EXERCISE AIM: Repeat exactly the lines of the material below that run from the "Birdie Bean Reversible" line to the "RENTA DE OFICINA EN JARDIN BALBUENA" line, including both, and do not carry over any pictures.

SUPPLIED RECORDS:
>>

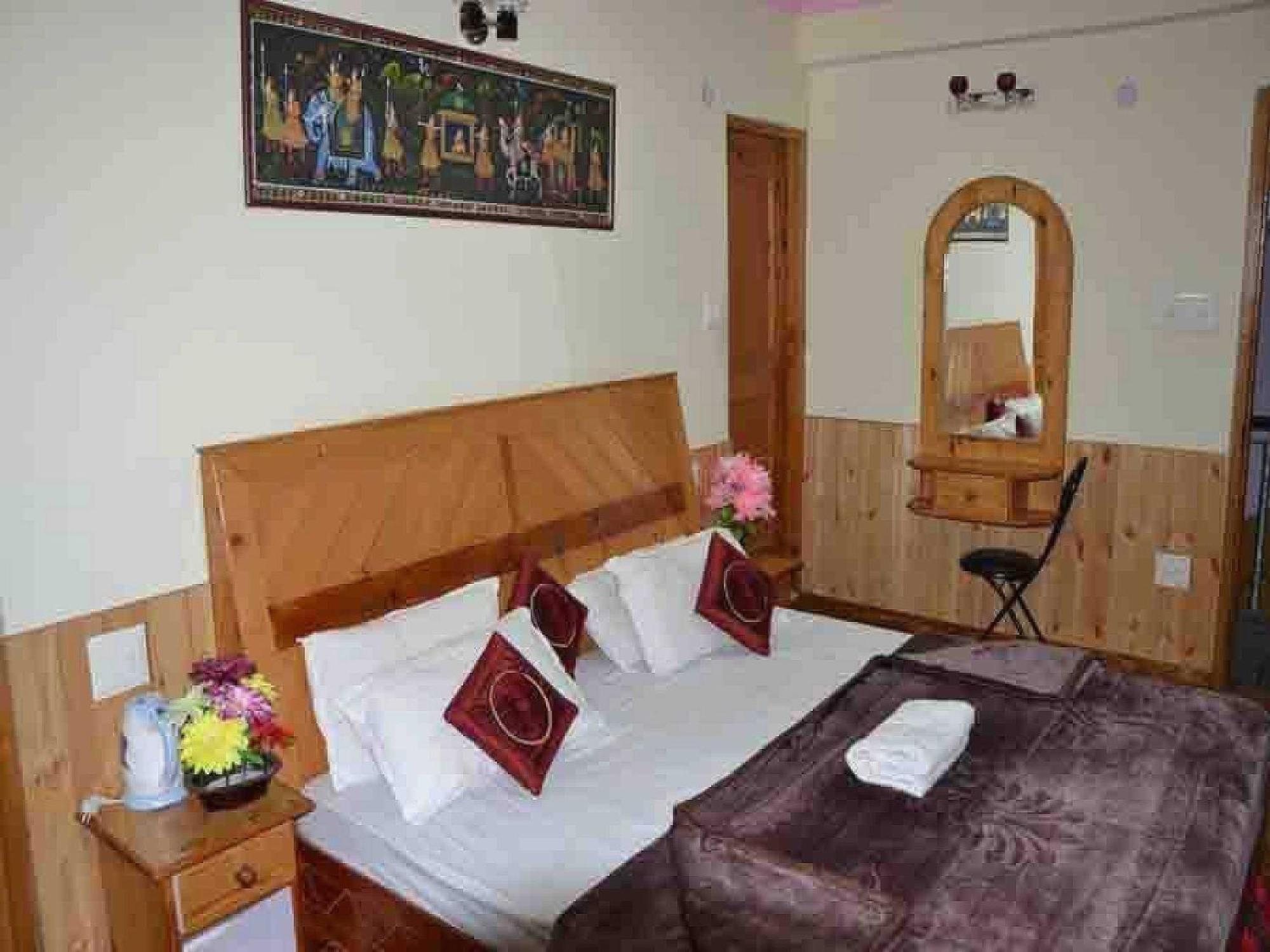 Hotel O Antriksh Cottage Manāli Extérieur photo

<<
>>

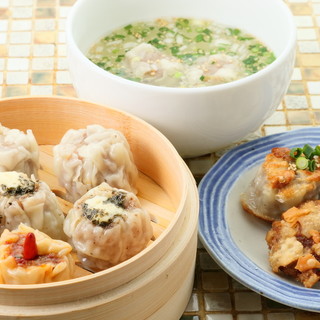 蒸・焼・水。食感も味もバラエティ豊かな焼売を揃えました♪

<<
>>

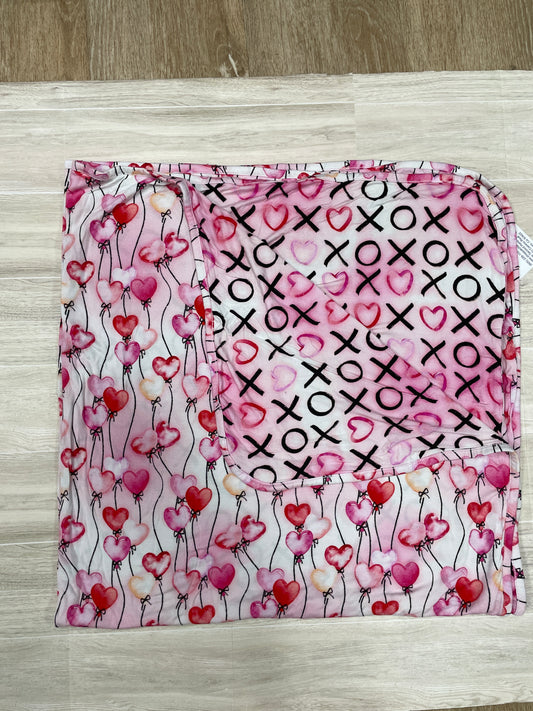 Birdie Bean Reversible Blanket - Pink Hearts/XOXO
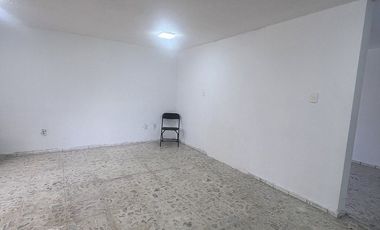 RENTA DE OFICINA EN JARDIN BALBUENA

<<

TASK RESPONSE:
 Birdie Bean Reversible Blanket - Pink Hearts/XOXO
 RENTA DE OFICINA EN JARDIN BALBUENA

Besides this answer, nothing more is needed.